Measured result: 33.5µs per call vs 403µs. The 12x speedup, saving roughly 1,360ms in eager mode. After compile adds its own fusion over the surrounding BF16 ops, the remaining benefit consolidates into roughly 190ms saved in the compiled timeline. Bandwidth utilization on the fast kernel: 38% not perfect, but 12x better than the 3.2% baseline and close to roofline for a memory-bound kernel of this size.

The Fused Kernel Suite

Then pretty much same methodology was applied to the other bandwidth-dominated operations: AdaLN modulation, residual accumulation, and GELU. The standard path for the pre-attention normalization is:

LayerNorm(x)
x_norm * (1 + scale) + shift (AdaLN modulation)
fused_rowwise_fp8_quant(x_mod)

Three passes over the same [B×S, D] tensor. Each pass reads D elements, does minimal compute, writes D elements back. For [8192, 3072], that's three round-trips through 48MB of data to perform operations that are fully fusible. The fused_adaln_fp8 kernel does all three in one pass:


@triton.jit
def fused_adaln_fp8_kernel(x_ptr, shift_ptr, scale_ptr, out_fp8_ptr, fp8_scale_ptr, ...):
  row = tl.program_id(0)
  batch_idx = row // L

  x = tl.load(x_ptr + row * stride_xm + d_offs * stride_xd, mask=mask).to(tl.float32)

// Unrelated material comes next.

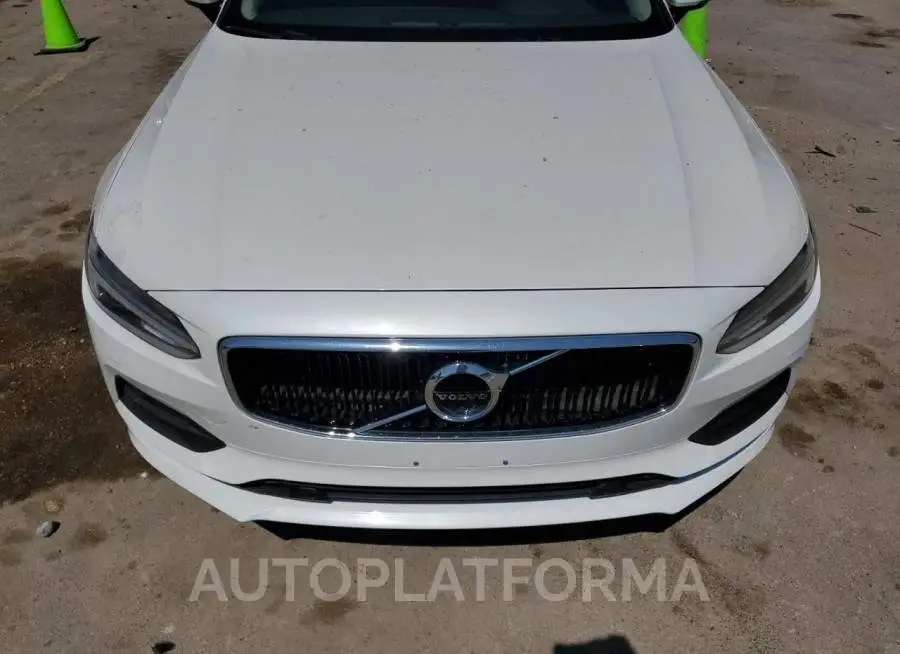 VOLVO S90 T5 MOM 2018 vin LVY982MK2JP019092 from auto auction Copart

  # LayerNorm (no learned weight/bias — those are in the AdaLN params)
  mean = tl.sum(x, axis=0) / D
  x_centered = x - mean
  var = tl.sum(x_centered * x_centered, axis=0) / D
  rstd = 1.0 / tl.sqrt(var + eps)
  x_norm = x_centered * rstd

  # AdaLN modulation — load per batch-element params
  shift = tl.load(shift_ptr + batch_idx * stride_sm + d_offs * stride_sd, mask=mask).to(tl.float32)
  sc    = tl.load(scale_ptr + batch_idx * stride_sm + d_offs * stride_sd, mask=mask).to(tl.float32)
  x_mod = x_norm * (1.0 + sc) + shift

  # Rowwise FP8 quantization: compute amax, store scale, quantize
  row_amax = tl.max(tl.abs(x_mod), axis=0)
  fp8_sc = tl.maximum(row_amax / 448.0, 1e-12)
  tl.store(fp8_scale_ptr + row, fp8_sc)
  tl.store(out_fp8_ptr + row * stride_om + d_offs * stride_od, (x_mod / fp8_sc).to(tl.float8e4nv), mask=mask)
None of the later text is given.